SO, we have a tiny photon, emitted from an atom. In which direction does it go?
Is it random, in all directions?
My understanding of every book I have read on the subject is that one photon is produced during one decay and that the energy of the one photon is hf. Am I wrong in this? Your photons would, presumably, have to be a lot smaller than that if there are many per second, being emitted.



Prior to 1900 classical physicists, (…. there is nothing wrong with them, they won’t bite!) assumed  the existence of an ether to explain the propagation of light.  Presumably there was good reason for doing this, the idea of action at a distance might have been one of them. When, eventually, Maxwell’s theory on the propagation of electromagnetic radiation won wide-spread acceptance, there was no longer any need for the ether, it just got in the way.  Maxwell’s theory showing that electromagnetic radiation consisted of alternating magnetic and electric fields that sustained each other obviated the need for an ether. This satisfactory state of things came to an end with the advent of QM, because the particle theory of light once again raised its head in a manner that could not be ignored. Yet instead of returning to the ether theory, (a wave might sustain itself a particle cannot! ) QM came up with a completely new and novel idea of a photon as being both a particle and a wave. The numerous proofs of this being so are to many to enumerate but let it be understood that there seemed to be enough proof to support the decision of wave-particle duality.

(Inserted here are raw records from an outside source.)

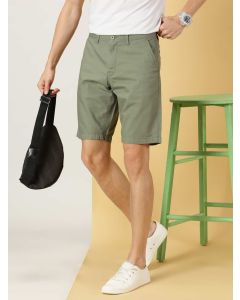 Men Olive Solid Regular Fit Chinos Shorts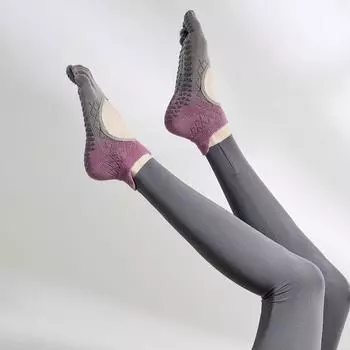 2023 New Arrival Fall and Winter Gradient Dispensing Yoga Socks Non Slip Professional Women s Toe Socks Pilates Socks Finger Sports Grape Ash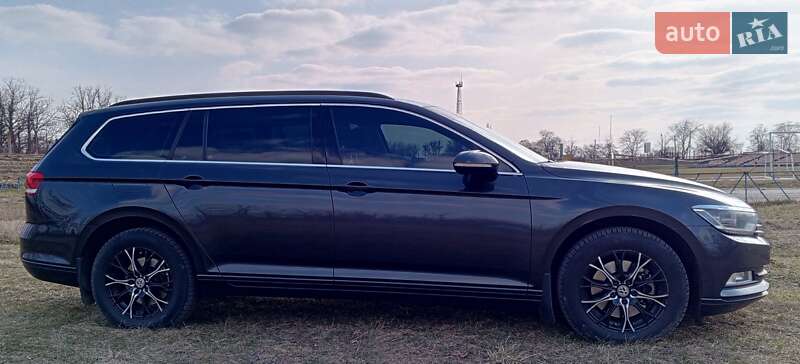 Универсал Volkswagen Passat 2018 в Новгородке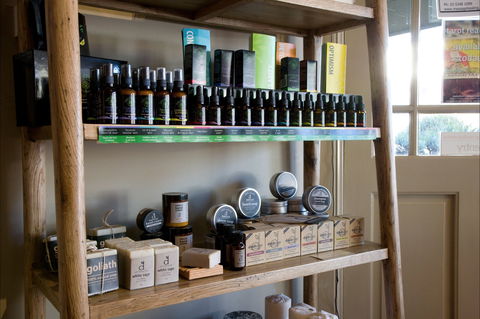 Daylesford Healing Massage - Accommodation Whitsundays 2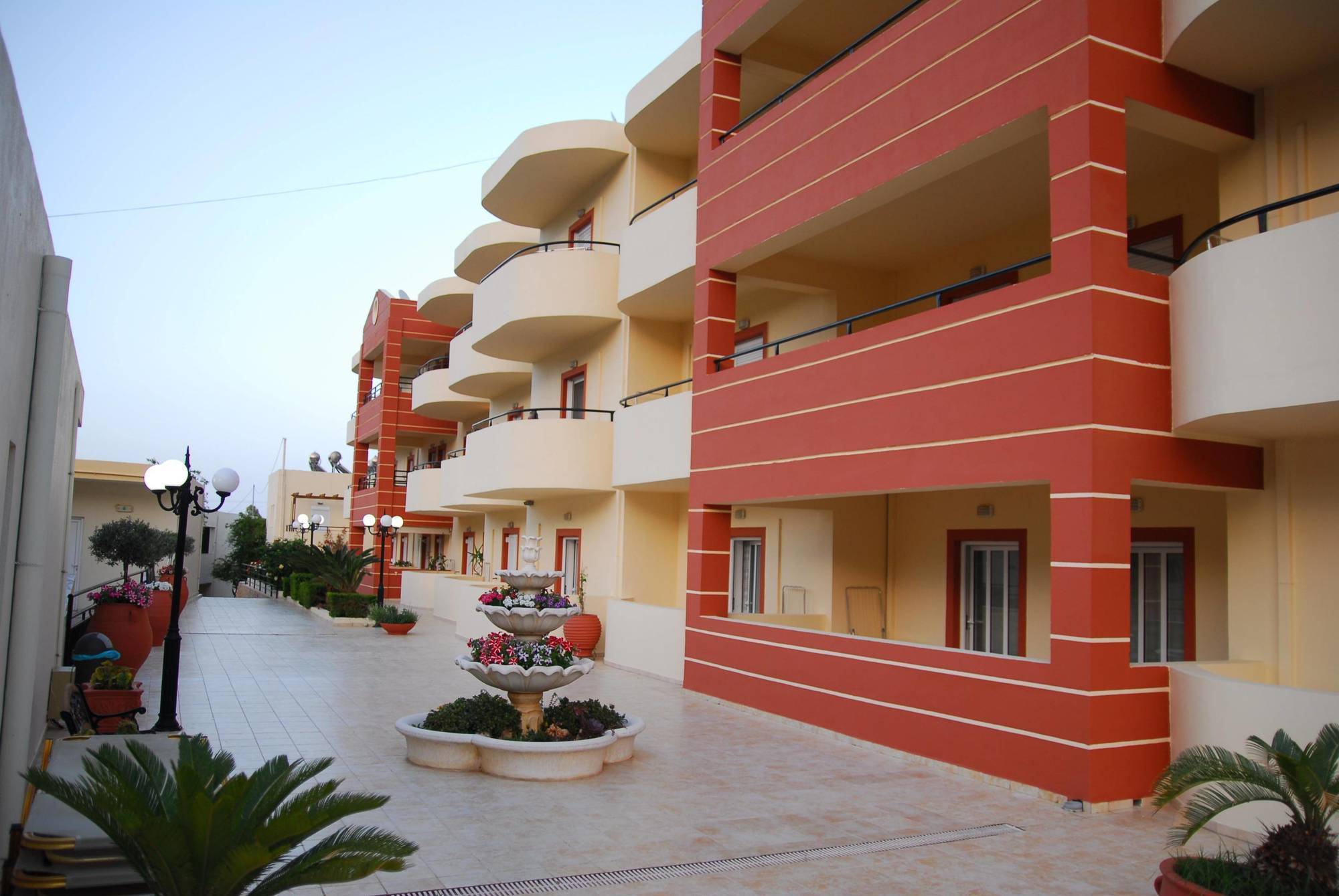 Elpis Studios And Apartments Bali  Exterior foto
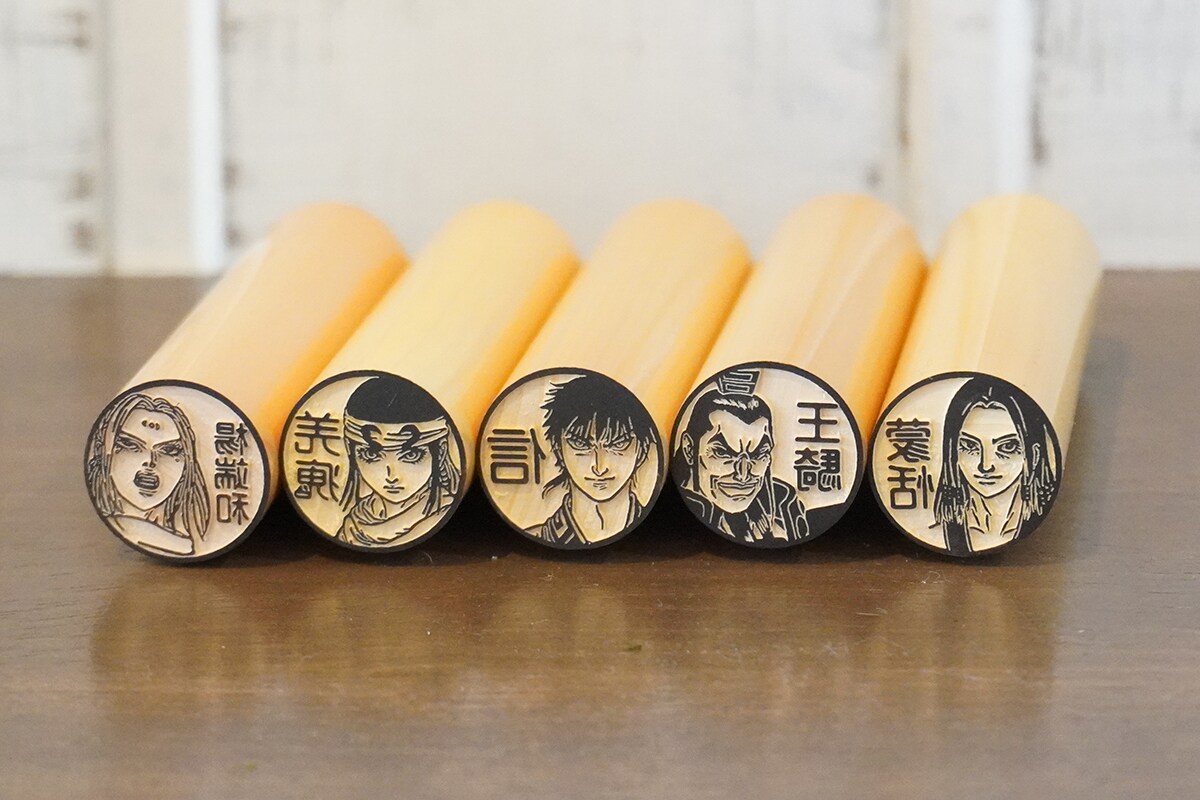 【キングダム展限定品】　オギコ皿 Amazon.co.jp: キングダム展 コミック皿 オギコ : おもちゃ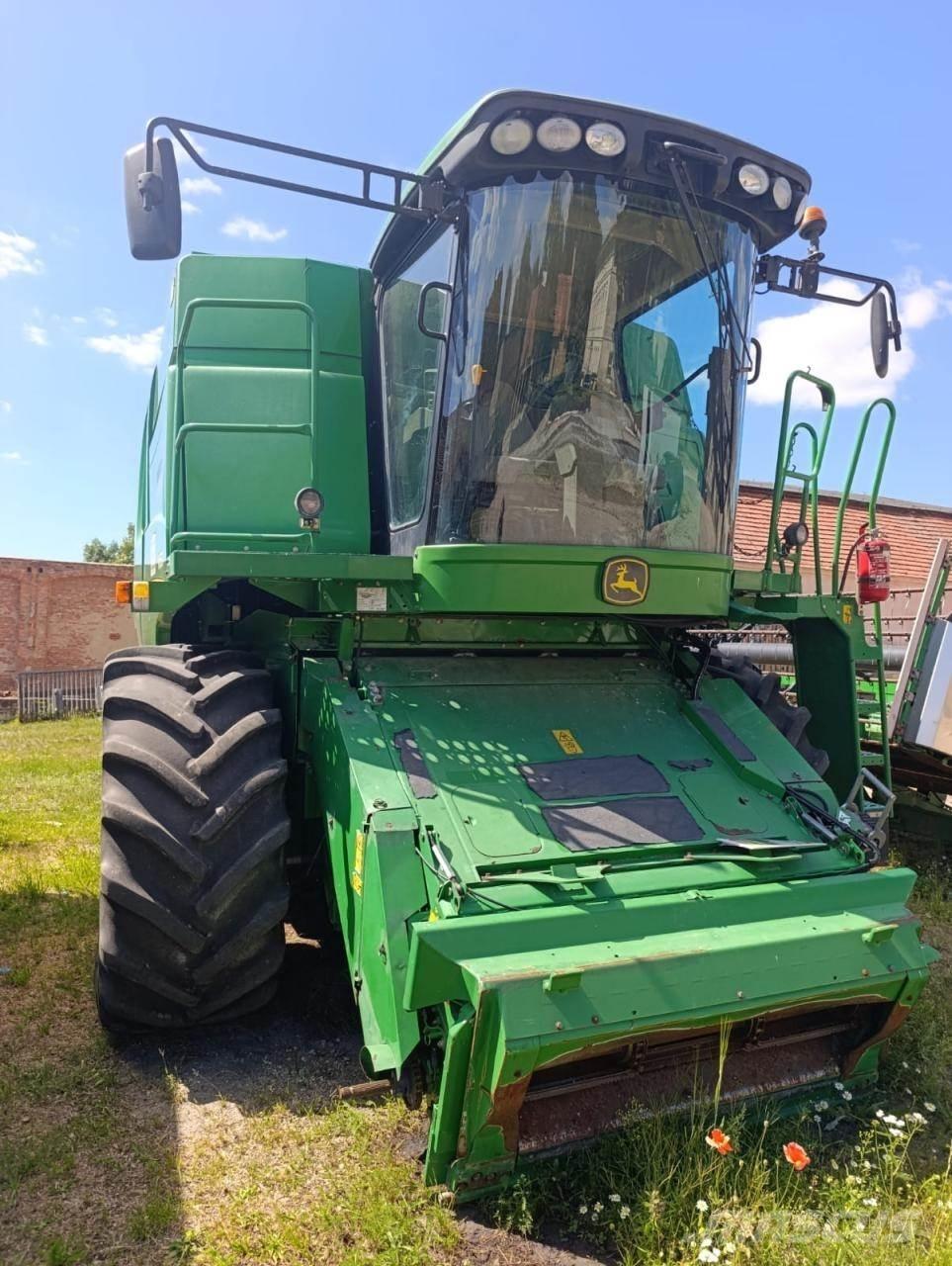 John Deere W650 Moissonneuse batteuse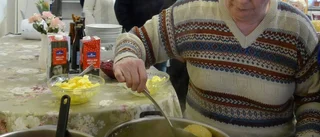 Kö till grytorna vid PRO:s paltfest
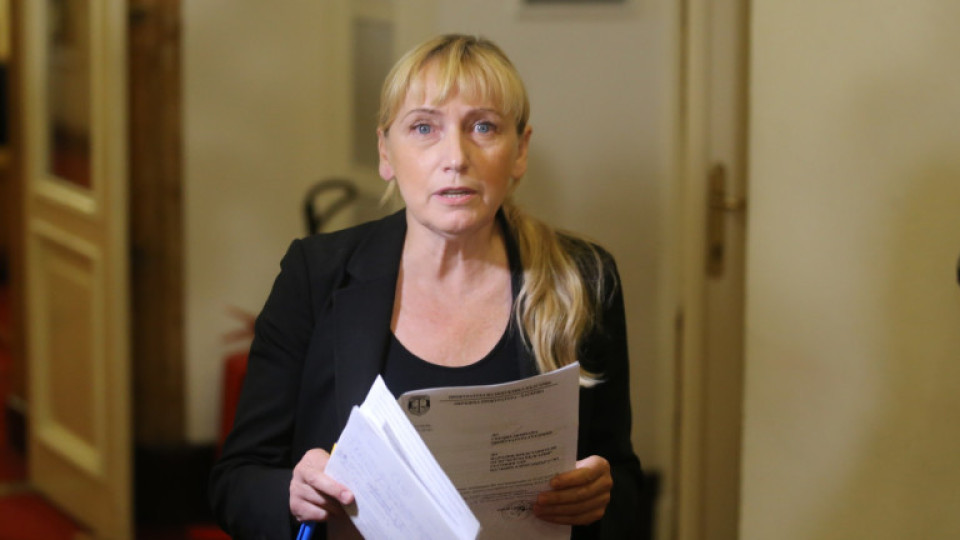 Йончева твърди, че е заковала "Ало, Банов съм" | StandartNews.com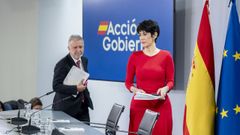 El ministro de Pol�tica Territorial y Memoria Democr�tica, �ngel V�ctor Torres, y la ministra de Inclusi�n, Seguridad Social y Migraciones y portavoz del Gobierno, Elma Saiz.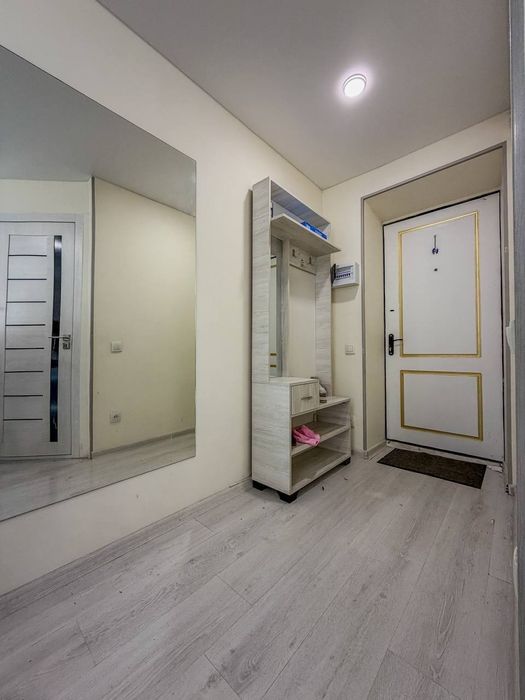 1/2/5 Буюк Ипак Йули 37м2 балкон 2х3 Кирпич Военный Госпиталь мебель.т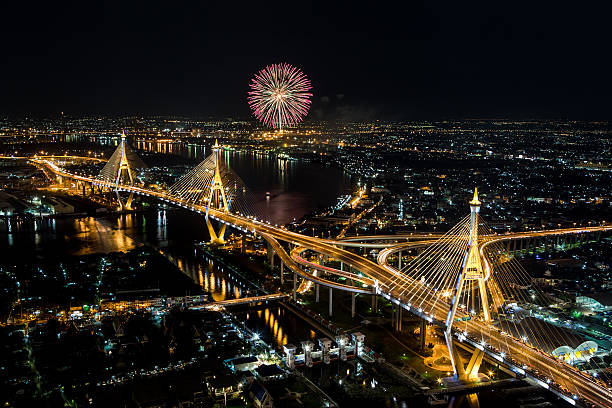 bhumibol ponte com fogos de artifício em bangkok - bridge bangkok suspension bridge river - fotografias e filmes do acervo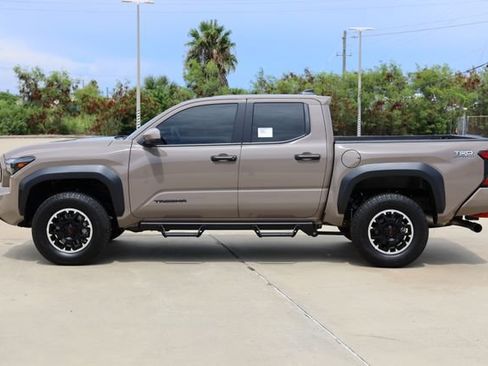 New 2026 Toyota Tacoma TRD Off-Road AWD/4WD image 5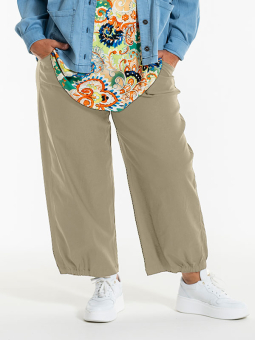 CLARA - Plus Size Bukser fra Gozzip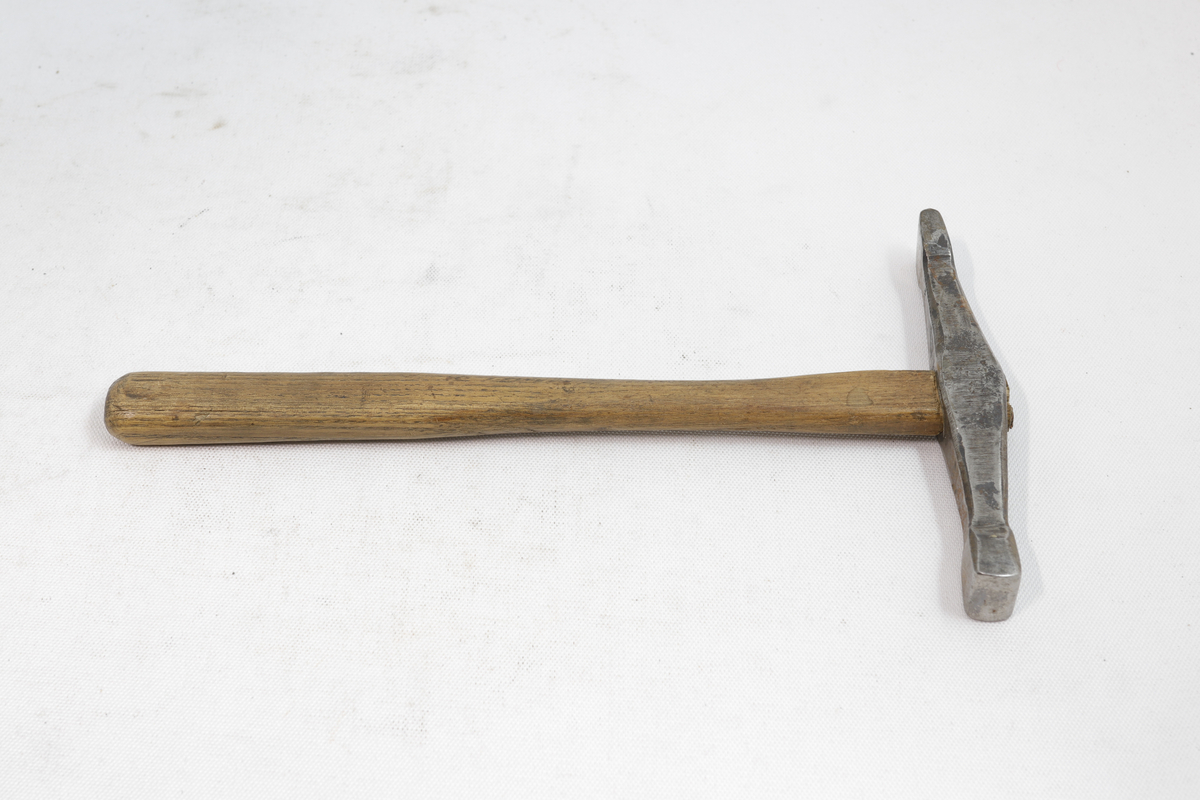 Hammer med skaft i tre og hammerhode i metall.
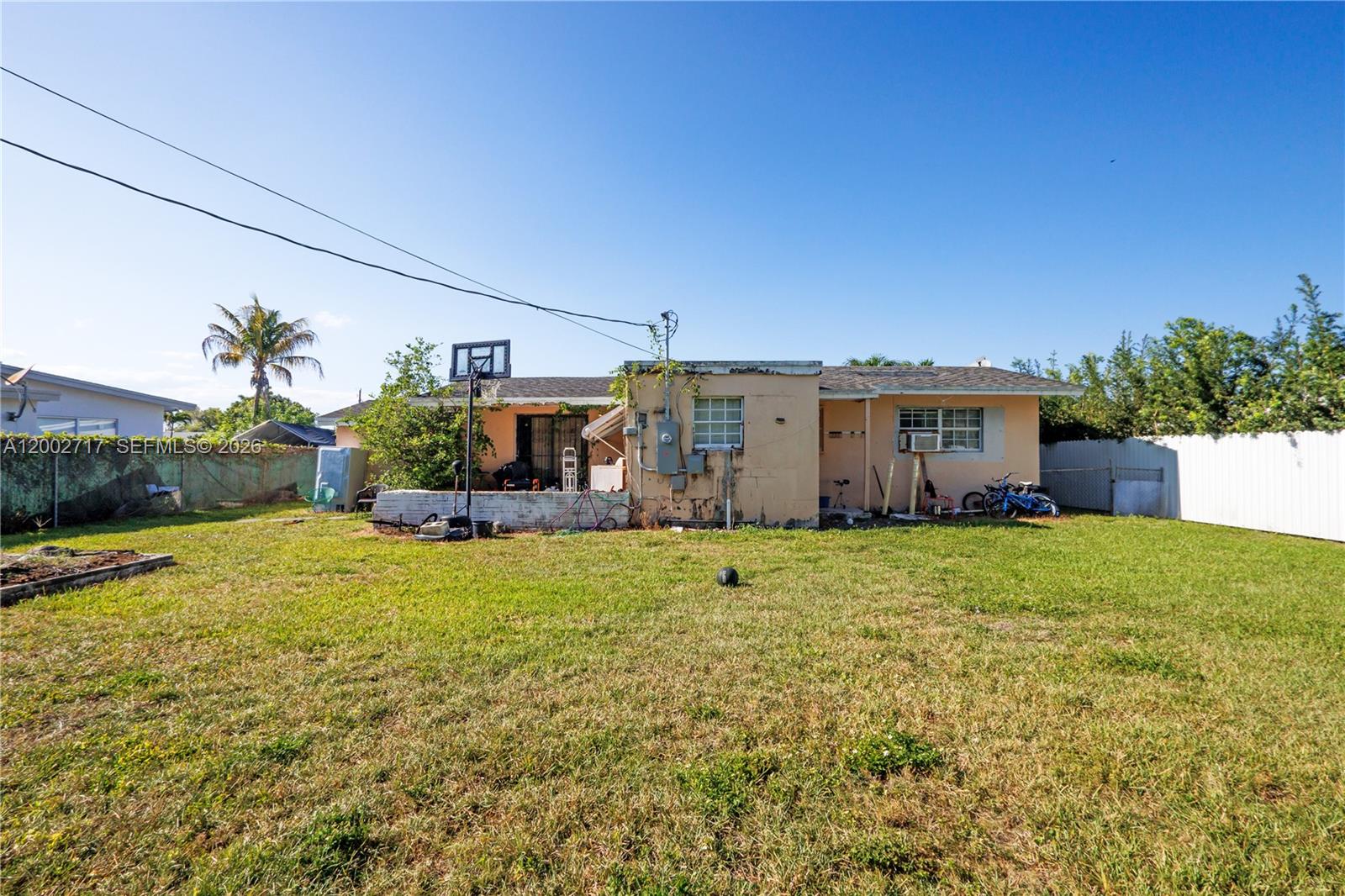 SO MIAMI HEIGHTS MANOR - Residential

It is not necessary to go into the problems that the concept of wave-particle duality have caused. One result of this is that physics got more complicated, so much so that in an ironic turn of events, physicists themselves have now returned to something very much like an ether in their quest for the truth. One example of this is the polarization of a vacuum:
 
A photon is transformed into a ‘virtual’ electron-positron pair, which is annihilated and transformed again into a photon. The members of this pair during their life-time may obviously generate virtual photons and, consequently, new virtual electron-positron pairs and so on. As a result of this , the vacuum (read space) turns out not be “empty” but “filled” with virtual electric charges which must exert a screening influence on external;(real) charges.”  From: Basic Concepts of Quantum Mechanics by L.V.Tarasov

The Gestalt Theory also makes use of an ether concept. This (ether) field consists of virtual photons that permeate the entire universe to the furthest galaxies and was formed and has been in existence since the Big Bang. The virtual photons that make up this field are of extremely low energy, so much so that they evade the Law of Conservation of mass and energy, through the Heisenberg Uncertainty Principle. They are thus completely permeable to matter, they pass through matter unchallenged. The photons of the virtual photon field are randomly oriented. However in the presence of a real photon the randomly oriented photons of the virtual photon field line up in the direction of propagation of the real photon, forming a line whose ends rest on infinity and the energy of the real photon travels along this line of aligned virtual photons at the speed of light.  This happens in the same way that if a line of condensers is attached in series the energy of the first condensor, emerges at the last condensor in line intact, without distributing its energy to the intermediate condensers.   Thus to answer your question. ]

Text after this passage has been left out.